One would think that with all this spending everyone would have some coverage, but it’s a fact that we have 50 million uninsured and still spend more per capita by a wide margin than anywhere else in the world.


Why I NEVER Watch Fox News

Every man/woman for him/herself–the opposition to health reform

It’s fascinating to watch the public reaction to health reform.

It was a very difficult byzantine process complicated by the republican do nothing attitude and very unpleasant legislative maneuvering.

But what’s astounding and revealing is the public’s lack of enthusiasm which ultimately may doom the whole process.

Consider the situation.

  • Health care is not absolutely essential at any given time in most people’s lives–most of us are healthy and simply do not understand the difficulties and costs incurred of those who are.
  • And anyway most of us, have some form of health coverage. Those with coverage wonder what reform will offer them.
  • Reform will certainly add to the complexity and who knows whether it will add to our costs.
  • There are a large number of people in our country, around 50 million, with no coverage at all. In this group most are quite healthy and aside from an occasional visit to a doctor have few needs.
  • Those without health insurance either deny the possibility of illness or count on their savings, if they have any, or public payments in one form or another for their catastrophic illness care.
  • Preventive medicine is an unnecessary unaffordable, for the most part, luxury for these people.

Health reform rocks the boat and requires most of the “uninsured” to have coverage.
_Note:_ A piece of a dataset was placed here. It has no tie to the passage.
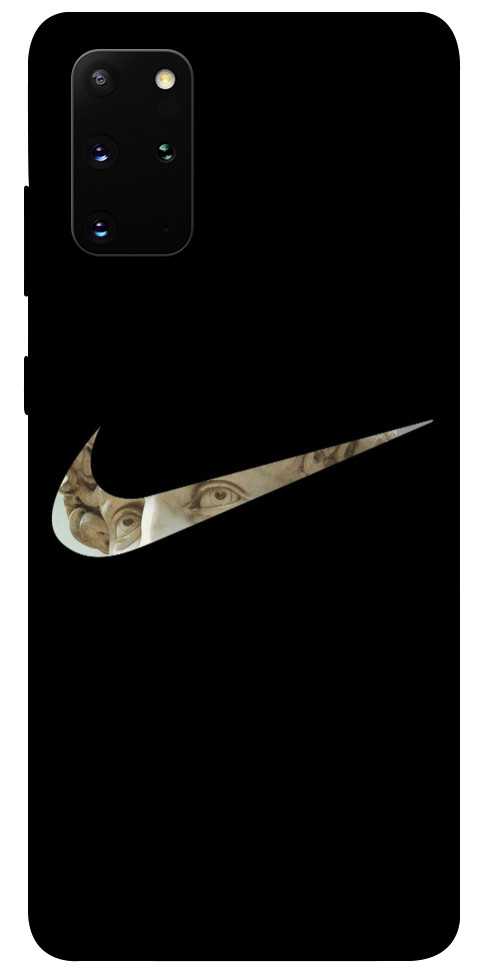 

Чехол Nike для Galaxy S20 Plus (2020) 1079796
I believe it will ultimately cut costs but can understand the skepticism. Our long national history of exceptionalism makes these folks unwilling to consider that health reform might be a positive. To them it’s a mandated enforced expenditure, a tax on their hard earned money.
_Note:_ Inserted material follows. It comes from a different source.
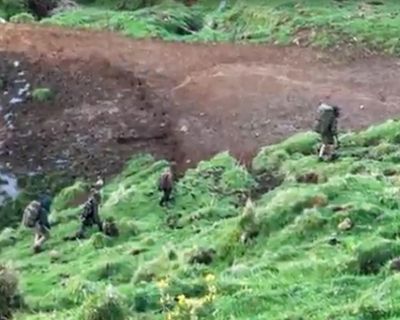 Family of New Zealand fugitive on the run for almost four years with his children plead for his return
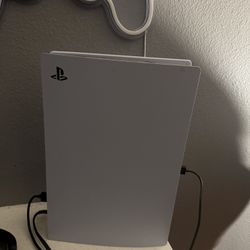 Ps5 Digital Version Please Read.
On the other side of the argument are facts that:

  • Every single one of us, sooner or later will require medical care.
  • Health care spending over a lifetime is our largest expense.
  • To have rational system in which insurers provide coverage to those with illness and to prevent gaming of the system (only getting coverage when you become sick) universal coverage is necessary.
  • Costs will have to go down as we cannot afford our current health care expenditures and yearly inflation. Efficiency and value are concepts that must be applied to health care, like other business ventures.
  • Our current non-system of mandating access to emergency rooms for free care is inefficient, medically unsound and extremely expensive–guess who pays?
  • The more people covered the lower the premiums and ultimately the lower the costs
  • Our health outcomes are mixed. In some areas we do as well as other countries in others our outcomes are significantly worse.
  • Preventive medicine is underutilized in our system by those who need it most, the poor and the uninsured–ultimately tax payers pay their emergency room costs and other associated medical expenses.
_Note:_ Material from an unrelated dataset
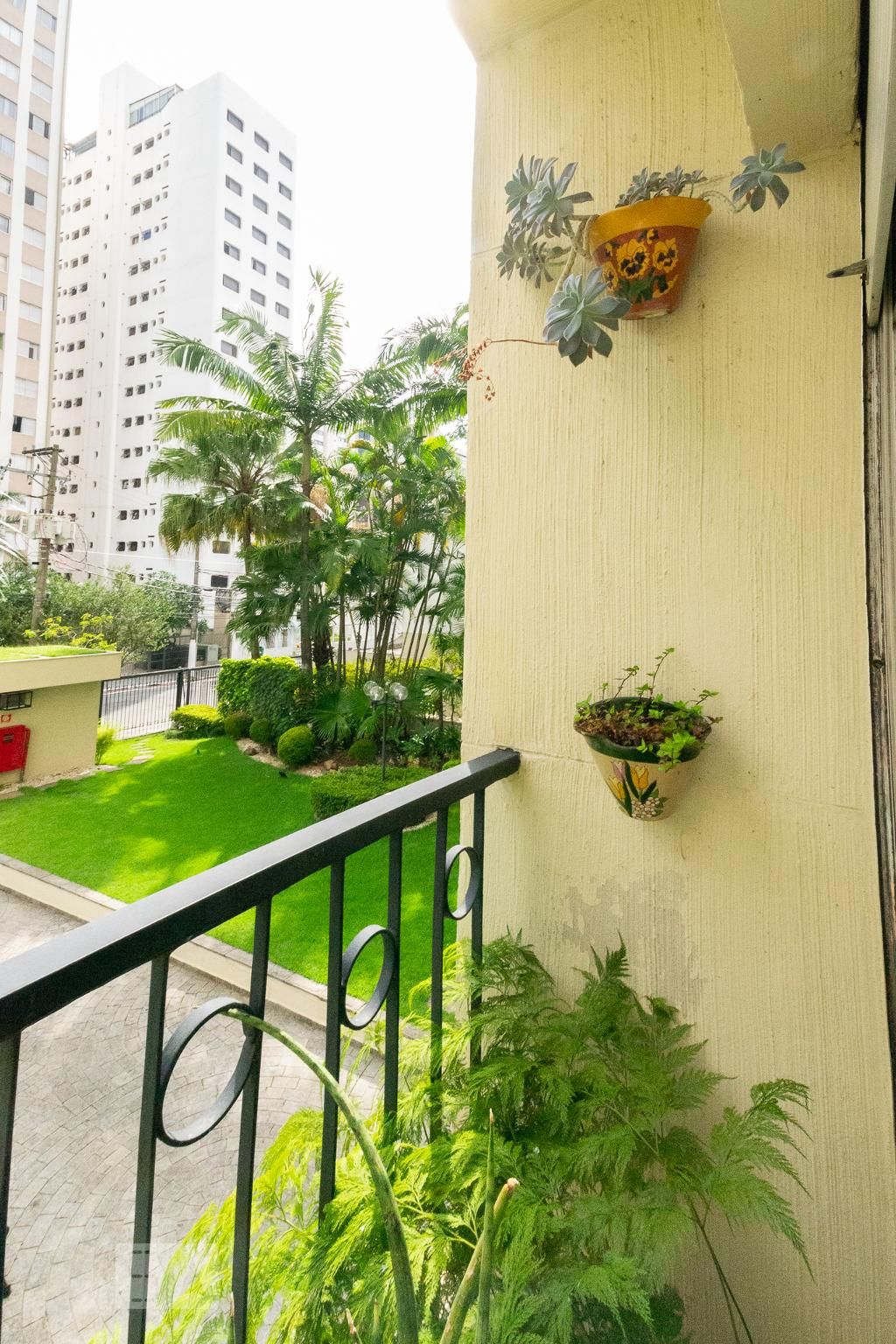 Apartamento, 4 quartos, 165 m² - Foto 19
Somewhere along the way Americans lost the notion of community and replaced it with a nasty NIMBY attitude. Companies, farmers, bankers and many other businesses baldfacedly accept and encourage all manner of subsidies, price supports, and bailouts that keep their business solvent. The idea that a benefit be available to individuals however, is “socialistic” and “un-American.”

That’s hardly the case since for the last 70 years we and our economy have benefitted and had wonderful years of growth and prosperity in a system with numerous social support programs. Abandoning these principles for a non-system in in which it’s every man for him/herself is a non plan leading nowhere. And that’s exactly where we’ll be if health reform is repealed.